Trigonometric Equation

Very well Melody, in future, to anything that I post, I will attach the name Tiggsy.

Hi Quazars,

Yes I took a look but I have drawn a blank as well. 

The Wolfram Alpha solution is really messy.  I do not think that there is any neat solution.

https://www.wolframalpha.com/input/?i=8.8cos%5E2x-20sin(2x)%2Bc%3D0

Use the trig identity

\(\displaystyle \cos^{2}(x)=(1/2)(1+\cos(2x))\),

Therafter it's a routine equation of the type

a.cos(theta) - b.sin(theta) = c.

(Write it as Rcos(theta + alpha) = c and calculate R and alpha ).

Thanks guest :)

Do you understand our guest's answer Quazars?

I have just worked through guest's outline. :)

\(cos(2x)=cos^2x-sin^2x\\ cos(2x)=cos^2x-(1-cos^2x)\\ cos(2x)=2cos^2x-1\\ 0.5[cos(2x)+1]\\~\\ 8.8cos^2(x)-20sin(2x)+C=0\\ 8.8*0.5[cos(2x)+1]-20sin(2x)+C=0\\ 4.4cos(2x)+4.4-20sin(2x)=-C\\ 4.4cos(2x)-20sin(2x)=-(C+4.4)\\~\\ Let\;\;\\R[cos(2x+\theta)]=4.4cos(2x)-20sin(2x)\\ Rcos(2x)cos\theta-Rsin(2x)sin\theta=4.4cos(2x)-20sin(2x)\\ so\\ Rcos\theta=4.4 \qquad and \qquad Rsin\theta=20\\ R^2cos^2\theta=4.4^2 \qquad and \qquad R^2sin^2\theta=20^2\\ add\\ R^2cos^2\theta+R^2sin^2\theta=4.4^2+20^2\\ R^2(cos^2\theta+sin^2\theta)=419.36\\ R^2=419.36\\ r=\sqrt{419.36}\)
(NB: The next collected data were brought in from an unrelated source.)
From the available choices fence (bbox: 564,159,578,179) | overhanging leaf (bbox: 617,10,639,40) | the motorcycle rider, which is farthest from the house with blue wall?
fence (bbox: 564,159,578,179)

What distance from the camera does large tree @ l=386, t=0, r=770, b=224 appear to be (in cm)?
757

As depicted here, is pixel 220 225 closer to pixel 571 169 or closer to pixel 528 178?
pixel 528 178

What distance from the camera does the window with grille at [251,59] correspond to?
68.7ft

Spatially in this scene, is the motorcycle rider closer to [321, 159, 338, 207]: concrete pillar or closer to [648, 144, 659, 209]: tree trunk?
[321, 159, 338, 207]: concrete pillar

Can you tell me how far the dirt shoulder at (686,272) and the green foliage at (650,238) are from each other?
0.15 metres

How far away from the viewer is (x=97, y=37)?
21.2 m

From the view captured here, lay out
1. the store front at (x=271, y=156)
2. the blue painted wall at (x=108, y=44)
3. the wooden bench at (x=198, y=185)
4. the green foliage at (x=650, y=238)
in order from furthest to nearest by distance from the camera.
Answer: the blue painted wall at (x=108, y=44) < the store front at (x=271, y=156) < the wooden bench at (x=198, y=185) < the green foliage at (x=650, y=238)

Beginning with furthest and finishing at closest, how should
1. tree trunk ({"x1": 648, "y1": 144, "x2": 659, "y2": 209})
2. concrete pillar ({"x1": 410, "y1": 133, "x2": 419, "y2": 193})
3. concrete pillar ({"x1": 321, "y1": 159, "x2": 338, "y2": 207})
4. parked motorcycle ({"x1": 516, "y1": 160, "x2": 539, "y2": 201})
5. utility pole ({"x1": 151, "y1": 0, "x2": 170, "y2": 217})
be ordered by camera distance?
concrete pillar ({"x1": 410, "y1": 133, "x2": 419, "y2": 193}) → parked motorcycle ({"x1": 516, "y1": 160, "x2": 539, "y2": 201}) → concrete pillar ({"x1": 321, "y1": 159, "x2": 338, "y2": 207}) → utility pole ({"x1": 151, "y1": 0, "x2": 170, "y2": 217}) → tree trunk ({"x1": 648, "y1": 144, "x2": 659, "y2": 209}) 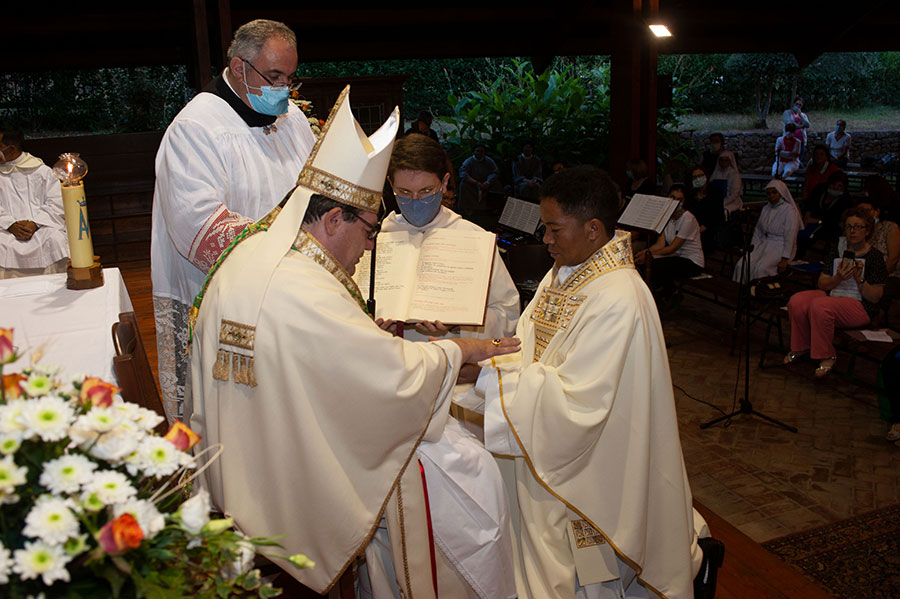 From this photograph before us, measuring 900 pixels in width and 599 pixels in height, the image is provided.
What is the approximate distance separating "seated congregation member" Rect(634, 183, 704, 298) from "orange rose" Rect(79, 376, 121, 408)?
675cm

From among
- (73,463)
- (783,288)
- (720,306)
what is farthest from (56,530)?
(720,306)

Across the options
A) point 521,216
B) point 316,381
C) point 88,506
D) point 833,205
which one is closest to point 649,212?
point 521,216

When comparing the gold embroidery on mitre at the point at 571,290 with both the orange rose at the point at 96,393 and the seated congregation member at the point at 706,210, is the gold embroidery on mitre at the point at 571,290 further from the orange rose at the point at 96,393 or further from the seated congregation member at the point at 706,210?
the seated congregation member at the point at 706,210

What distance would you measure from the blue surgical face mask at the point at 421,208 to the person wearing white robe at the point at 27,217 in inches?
142

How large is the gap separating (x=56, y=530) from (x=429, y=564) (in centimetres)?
153

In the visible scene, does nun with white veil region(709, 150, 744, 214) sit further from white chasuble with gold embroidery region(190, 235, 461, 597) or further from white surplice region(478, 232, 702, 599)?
white chasuble with gold embroidery region(190, 235, 461, 597)

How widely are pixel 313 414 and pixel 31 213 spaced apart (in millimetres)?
4751

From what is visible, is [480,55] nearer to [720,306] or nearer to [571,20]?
[571,20]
\(cos^2\theta=\frac{4.4^2}{419.36}\\ \theta\approx 77.59^\circ +180n \qquad n\in Z\\ \text{I should check each quadrant answer - the squaring i did probably invalidates some ot them.}\\~\\ R[cos(2x+\theta)]=-(4.4+c)\\ \sqrt{419.36}[cos(2x+77.59+180n^{\circ})]=-(4.4+c)\\ 2x+77.59+180n^{\circ}=acos\frac{-(4.4+c)}{\sqrt{419.36}}\\ 2x=acos\frac{+(4.4+c)}{\sqrt{419.36}}-77.59+(or-)180n^{\circ}\\ x=0.5\left[ \left(acos\frac{4.4+c}{\sqrt{419.36}}\right)-77.59+180n \right]\;\;degrees \qquad n\in Z\\ \)

\(\text{I haven't checked that this is true for all n, }\\\text{I am really just showing that there will be multiple answers :(}\)

*

Maybe I should just stick to the easiest answer 

\(\\ x=0.5\left[ \left(acos\frac{4.4+c}{\sqrt{419.36}}\right)-77.59\right]\;\;degrees\\ \)

This answer needs to be seriously checked.........  I've had enough for now

The multiple angle situation can be resolved by looking at the equations

\(\displaystyle R\cos(\theta) = 4.4 \text{ and }R\sin(\theta) = 20\).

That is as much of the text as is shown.